На другой день в пять часов в редакции зазвонил телефон. Маковский взволнованно взял трубку. Напряженно прислушиваясь, мы делали вид, что занимаемся своими делами. Потом мне послышалось, что Маковский перечисляет иностранных сотрудников. Значит, правда? Черубина де Габриак — Димитриева? Минут через десять Маковский позвал меня. «Вы никогда мне не говорили, что знакомы с Черубиной де Габриак!» Молодым не трудно лгать. Никогда ее не видел. В поезде между Мюнхеном и Штарнбергом? Ах, Господи, да половина Мюнхена ездит купаться в Штарнберг! Со многими приходилось разговаривать. Черубина де Габриак? Нет, наверное, нет…
Когда, перед семью, я пришел домой, мне открыла горничная и сказала с лукавой улыбкой: «Барышня уже пришла». Ах, ты, Господи! Еще и это! Какие подозрения возникнут! Я и представить тогда себе не мог, каковы они будут, — потому что Елизавета Ивановна некоторое время посещала меня почти ежедневно. Она не могла наговориться о себе и о своих прелестных стихах, не могла насытиться их чтением… Вскоре я узнал, что все это литературное волшебство Черубины де Габриак выросло не только на ее грядке, что тут действовало целое поэтическое акционерное общество. Но кто же были акционеры?
В каком-то смысле я был обманутым обманщиком. Тем не менее для двадцатитрехлетнего было несравненным наслаждением знать тайну, за разгадкой которой охотился весь Петербург.
В октябре я снова был в Петербурге…
Гумилев вернулся из Абиссинии, по дороге заехал в Париж и на этот раз действительно женился — на подруге юности, как рассказывал Маковский. Он вернулся в Россию из Парижа в одном поезде с молодой парой и не очень был уверен в продолжительности этого брака{74}.

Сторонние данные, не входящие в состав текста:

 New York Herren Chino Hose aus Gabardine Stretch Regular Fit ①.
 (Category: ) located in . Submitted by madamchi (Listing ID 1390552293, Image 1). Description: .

Я встретился с Гумилевым в «Аполлоне». За ним стояла довольно большая группа молодых людей, которых можно было бы назвать его учениками. Самым гениальным из них несомненно был Осип Эмильевич Мандельштам, молодой еврей с исключительно безобразным лицом и крайне одухотворенной головой, которую он постоянно закидывал назад. Он громко и много смеялся и старался держаться подчеркнуто просто, но все равно он был — одна декламация, в особенности когда торжественно выпевал свои стихи, уставившись в неизвестную точку. Он радовался как ребенок, когда замечал, что стихи понравились. Я очень жалею, что, помешанный тогда на театре, не сблизился с Мандельштамом и другими учениками Гумилева.
Оказалось, что это новая школа. К учителю нового движения примкнул и Сергей Городецкий, который со своим фольклором, рожденным мифологией, не мог найти ничего общего с символизмом и стоял в стороне как неприкаянный. Новым поэтам нравился его магический реализм.
Гумилев и Городецкий нашли для своего нового поэтического вдохновения и новое определение — «акмеизм». Название было придумано не очень искусно и давало повод к насмешкам, но оно удержалось. Другое название — «Цех поэтов» было более удачно. То ремесленное, цеховое, что они подчеркнуто выдвигали на первый план, доказывало их серьезное отношение к поэзии, и в этом смысле Гумилев был настоящим цеховым мастером. Иногда я поражался, убеждаясь, как велико было его умение, как глубоки познания об исходных точках каждого стихотворения, как он умел согласовывать форму и содержание. Друг мой Гумилев, не имевший большого образования, в стихах умел находить малейшие ошибки — и безжалостно выкорчевывал их.